Mitzi squatted beside them, pulling the rim of her poncho over her head. Esther looked at her with disgust. “You want pneumonia too?”
Mitzi threw her stub in the fire. “What’s the difference? I don’t even see why we’re bothering. Old Mother Erg can send out anything she likes and kill us. If she doesn’t get us the others will. That kid there is good for nothing but making mechanical mice.”
Esther said, “If your stupid bunch hadn’t decided to take off in the wrong direction, your Mama Ape and Papa Goat and Big Brother Spiderman would be living back in that house a lot more safe and comfortable. You get back up there, change those dirty bandages and take a pill. And you better sleep tight because you’re gonna be let off watch tonight, but it’s the only night.”
“And what am I supposed to watch for?” Mitzi sneered. “That thing comes here shooting fire do I,” she jabbed a finger obscenely skyward, “just say Bang! and it’ll fall down dead?”

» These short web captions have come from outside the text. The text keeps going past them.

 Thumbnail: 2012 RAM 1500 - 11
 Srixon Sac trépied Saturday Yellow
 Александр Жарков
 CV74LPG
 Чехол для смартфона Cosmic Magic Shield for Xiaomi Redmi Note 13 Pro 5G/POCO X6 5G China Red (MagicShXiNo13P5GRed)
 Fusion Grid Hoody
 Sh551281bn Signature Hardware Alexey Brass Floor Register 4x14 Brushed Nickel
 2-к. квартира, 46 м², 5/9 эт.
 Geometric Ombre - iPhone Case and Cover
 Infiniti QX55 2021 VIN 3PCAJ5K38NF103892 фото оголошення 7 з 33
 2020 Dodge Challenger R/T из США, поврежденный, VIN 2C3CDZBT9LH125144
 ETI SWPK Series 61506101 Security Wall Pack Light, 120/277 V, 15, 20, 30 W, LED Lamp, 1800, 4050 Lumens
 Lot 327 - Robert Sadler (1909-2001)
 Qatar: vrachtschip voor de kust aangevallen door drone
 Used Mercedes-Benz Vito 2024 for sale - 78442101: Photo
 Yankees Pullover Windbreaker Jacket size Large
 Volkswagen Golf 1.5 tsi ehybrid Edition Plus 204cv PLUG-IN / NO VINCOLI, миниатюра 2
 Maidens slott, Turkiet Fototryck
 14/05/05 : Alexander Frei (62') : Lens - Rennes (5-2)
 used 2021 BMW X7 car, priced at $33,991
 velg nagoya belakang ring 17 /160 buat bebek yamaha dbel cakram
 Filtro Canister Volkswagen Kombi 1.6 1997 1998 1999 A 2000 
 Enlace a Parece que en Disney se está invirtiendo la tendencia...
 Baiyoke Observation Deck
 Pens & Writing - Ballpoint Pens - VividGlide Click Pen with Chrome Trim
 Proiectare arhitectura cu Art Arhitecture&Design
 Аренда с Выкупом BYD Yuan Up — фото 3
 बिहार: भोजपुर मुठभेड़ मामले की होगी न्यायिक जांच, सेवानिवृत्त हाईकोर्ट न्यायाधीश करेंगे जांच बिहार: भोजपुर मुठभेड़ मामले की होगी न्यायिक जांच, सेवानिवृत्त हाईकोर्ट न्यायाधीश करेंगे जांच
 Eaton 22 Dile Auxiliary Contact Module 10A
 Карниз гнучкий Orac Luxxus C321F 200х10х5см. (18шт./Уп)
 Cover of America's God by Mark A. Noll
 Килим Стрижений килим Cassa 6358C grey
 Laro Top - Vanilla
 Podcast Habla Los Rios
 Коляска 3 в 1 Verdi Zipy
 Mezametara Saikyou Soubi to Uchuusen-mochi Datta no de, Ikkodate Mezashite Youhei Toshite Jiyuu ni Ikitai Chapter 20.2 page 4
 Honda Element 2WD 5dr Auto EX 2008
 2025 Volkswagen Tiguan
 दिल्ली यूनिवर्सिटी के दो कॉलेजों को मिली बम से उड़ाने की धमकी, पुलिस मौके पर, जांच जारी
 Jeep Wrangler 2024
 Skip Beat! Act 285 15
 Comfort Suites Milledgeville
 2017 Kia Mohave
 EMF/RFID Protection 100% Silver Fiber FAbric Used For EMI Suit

“No,” Esther said quietly, “it’s no use watching for that because we can’t duck it. But this—” her arm whipped out, grabbing in the mud beside Mitzi’s boot, and something crunched. She raised her fist and a three-centimeter sting pointed upward from its knotty clench like Mitzi’s finger. She opened her hand to show the crushed body of the striped and multilegged creature, palm-sized, and Mitzi yelped. “This—” she tossed it into the fire—its burning matter shriveled and squeaked—then held her hand up in the rain to wash it, “—is not slow at all either, and it’s not exactly a scorpion, but if you called it that it wouldn’t be insulted; it carries just as big a load of poison. That’s what we’ll be looking for, and a few other things too. Now get to sleep.”
The others, except Shirvanian, had roused and were staring at them. Sven said, “Mitzi and
Shirvanian will skip watch tonight, and Yigal too, because he’s been loaded down. I’m very heavy, I have to work harder just moving around and I get tired faster, so I’ll take the last one, at dawn. Esther’s always up early, so she’ll take the one before me. The three of you can divide them as you like.”
“Ardagh just fell asleep,” Joshua said. “I’ll take it now.”
Without moving, Esther said sourly, “Sure you don’t want to argue a little first?”
“Esther,” Sven said, “go to sleep.”
Esther pinched her mouth shut. She skittered over to Topaze’s nest and slipped in under its bower of leaves and branches; an arm, thick as a giant fern’s trunk, reached out to pull her against him.
Koz had rubbed depilatory over his jaw and lifted his face to let the rain wash it. Sven bent his head closer to the blade; the stone hissed on it. Koz rubbed his face down, shook water from his hands, and stared at the nest. “Some difference in size, huh?”
From behind him, Joshua said gently, “Gorillas are small in that area. Apes do some inter-species breeding, but they’re usually a little more evenly matched.”
Mitzi began to giggle. Belly down on the shelter floor, head propped on her fists, she sang, half whispering, an old song from her unimaginable childhood:
“I went to the animal fair;
The birds and the beasts were there;
The big baboon by the light of the moon
Was combing his auburn hair ...”
Giggling again, she rolled over on her side and fell asleep at once.
* * *
Sven wound an oily rag around the machete and put it into a pouch. Koz hugged his knees and spit red betel juice into the fire. Rain soaked his braided hair. His body was tough and wiry, but without the heavy robes it seemed childlike. His pale face was blemished by the tattoos; his eyes narrowed staring into the fire. He had said little for the last few hours.